A robot surgeon watched medical videos to learn how to stitch human wounds

Elective surgeries will be cancelled for at least three months (Picture: Getty Images)

A robot "watched" videos of surgery techniques to help it learn how to stitch up human wounds.

In a research project, scientists fed 78 slowed-down films showing medical procedures into an artificial intelligence algorithm, connected to a pair of automated pincers programmed to work with a needle and thread.

The aim of the “imitation learning” study by scientists at the University of California, Berkeley, was to train surgery AI in a similar way to semi-autonomous cars, or the machine learning software assigned to scour complex legal papers.

After the videos had been analysed and the motions had been learned, the suture tasks were broken down for the AI into programmable actions, such as “needle insertion”, “needle extraction” and “needle hand-off”.

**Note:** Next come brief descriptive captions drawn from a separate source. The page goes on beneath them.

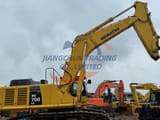 2020 Komatsu PC700LC crawler excavator side view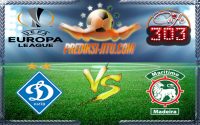 Prediksi Skor DYNAMO KYIV Vs MARÍTIMO 24 Agustus 2017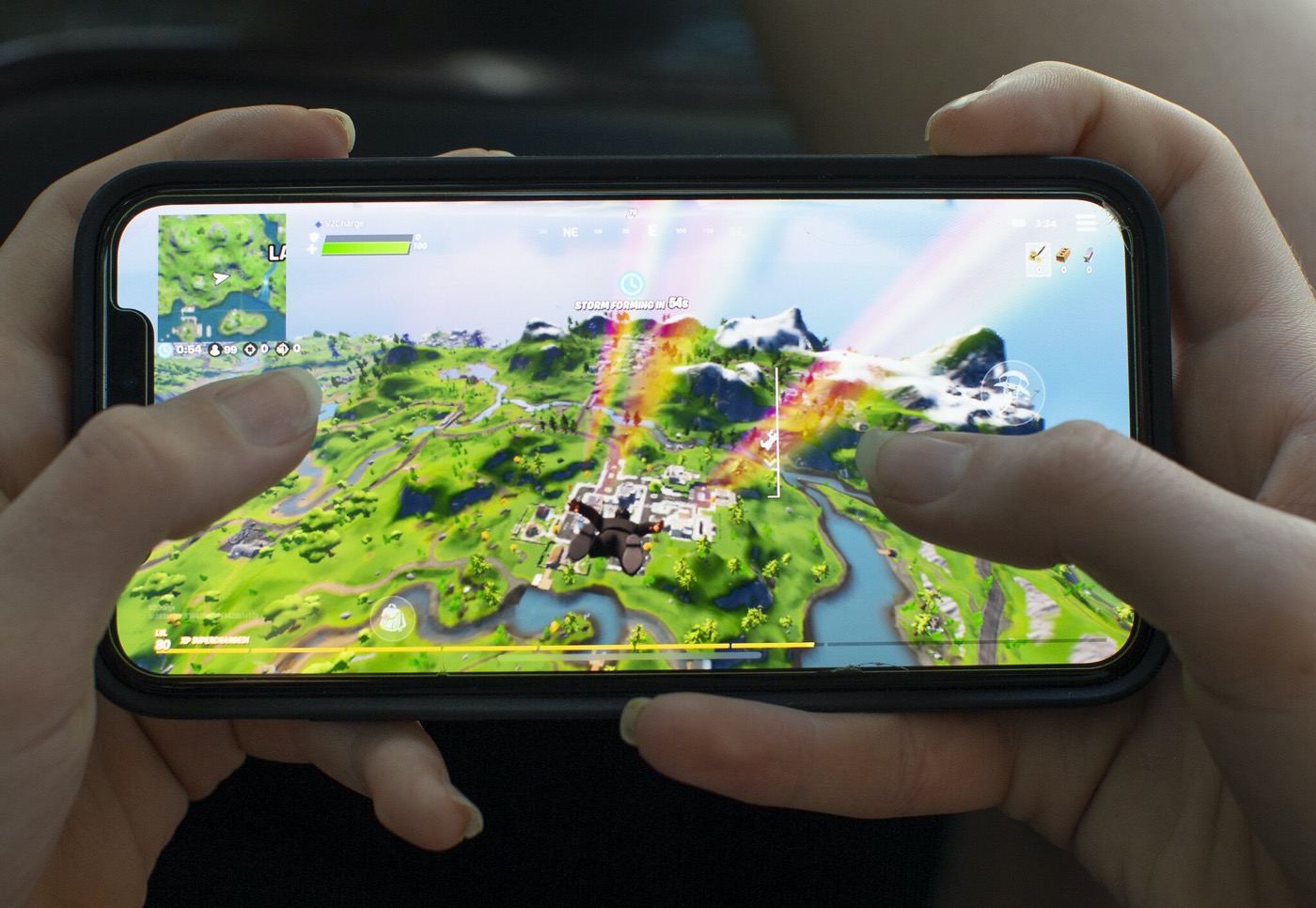 The return of Fortnite to iOS in 2023 teased by the boss of Epic Games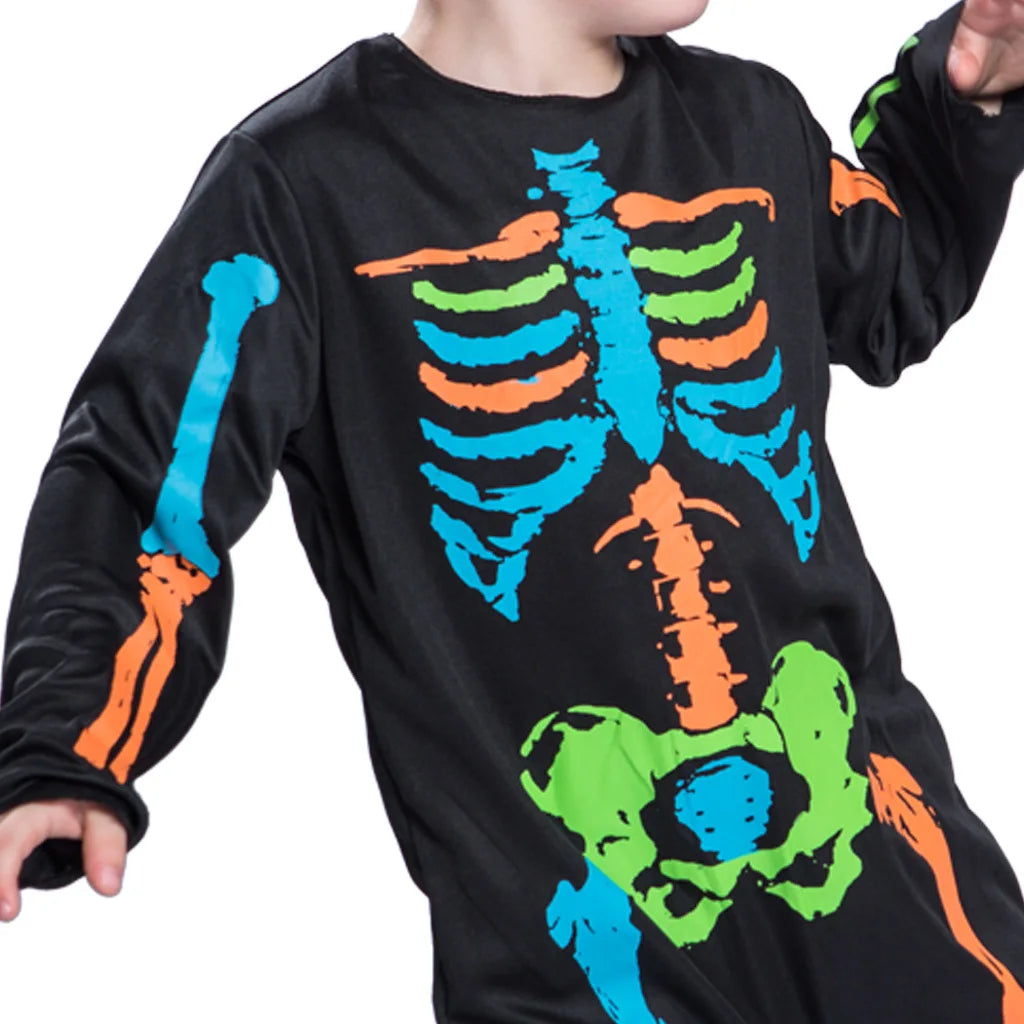 Rainbow Skeleton Costume (Unisex)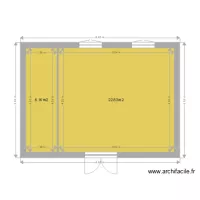 Test murs diff&eacute;rentes &eacute;paisseurs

This video still shows how the robot's pincers set to work with needle and thread on a fake wound after learning suture (University of California, Berkeley)

Researchers said this enabled their deep learning system, called Motion2Vec, to instruct the robot hands to stitch a fake wound with about 85 per cent accuracy.

It could mean they work under supervision with surgeons in the future to undertake repetitive healthcare tasks, while freeing up human colleagues to concentrate on more complex procedures.

However, the current stitching system is not yet ready to unleash on real patients as it still has a 9.4mm error rate.

Study leader Dr Ajay Tanwani said: “A long-standing goal in artificial intelligence is to learn new skills by observing humans.

"Learning manipulation skills from video demonstrations by imitation can provide a scalable alternative.”